Conference calls have without a doubt become a regular a part of daily business, and the number of these meetings that business people join each week seems to grow year after year. According to a 2015 study by Research Now that surveyed business users on their personal and company habits around remote meetings, 68% of respondents said they were on anywhere from one to five calls each week, with another 20% joining between six and 10 calls.

Why Do We Meet So Much?

The motivation behind almost any meeting is momentum. We want to keep our businesses moving forward. If you're in sales, you want to advance opportunities through the pipeline. If you're in project management, you want to build on projects without delay or distraction. If you're a lawyer, you want to close the deal.

As companies and teams have become more distributed and mobile, remote meetings have emerged as the de facto way to connect everyone and keep activities and business on track. But for many of us, our calendars are awash in a series of meetings that, while each important in its own right, can blur into a series of indecipherable conversations.

Can We Meet Better?

Despite best intentions, it's not uncommon for meeting hosts to fail to clearly record decisions or discussion points, leaving guests with only a vague recollection or understanding of goals and next steps. By the time the group reconvenes a week or so later, you'll inevitably need to rehash one item or another -- momentum stalled.

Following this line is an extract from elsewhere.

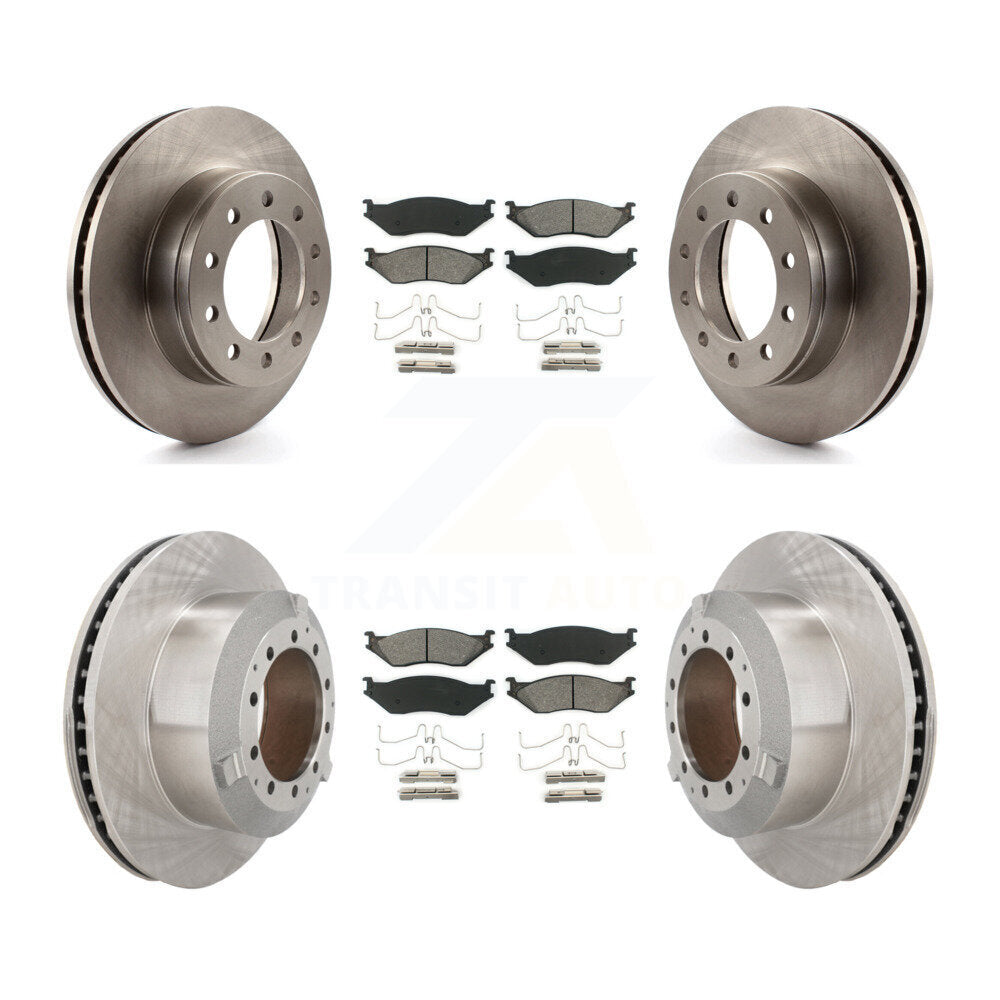 Kit de rotor de frein avant et arrière et plaquettes semi-métalliques pour Ford F-450 Super Duty F-55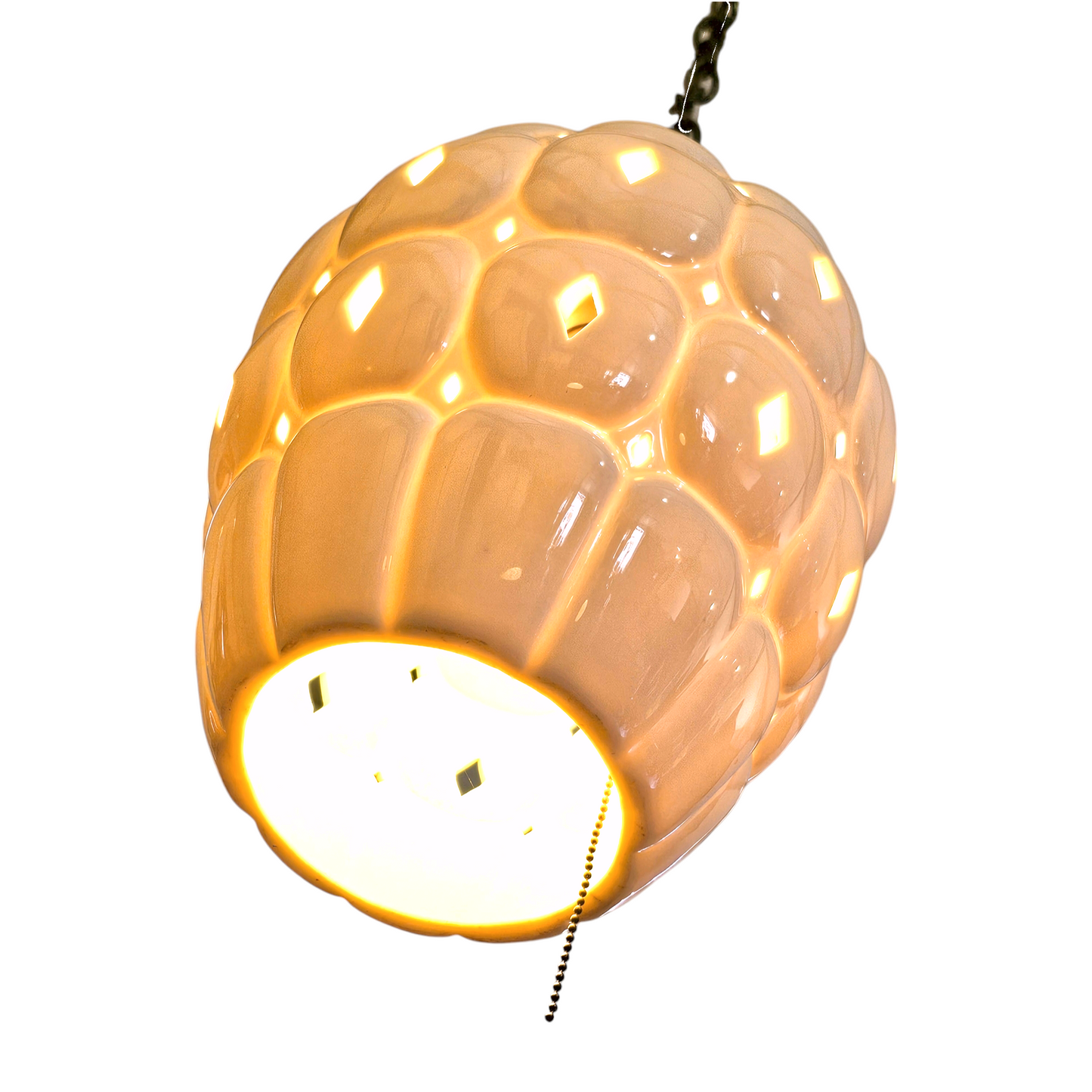 Vintage Ceramic Beehive Swag Pendant Light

Best practice for running effective meetings is well-trodden ground. At one time or another we've all learned that certain habits create productive calls -- making sure the right people are invited, having a clear agenda and goals for the meeting, keeping the conversation on track by moving tangential topics offline, recording minutes, and agreeing on next steps before breaking.

However, the reality is that some people are simply better and more committed to such best practices than others. And this inconsistency can create a challenge when it comes to moving things forward.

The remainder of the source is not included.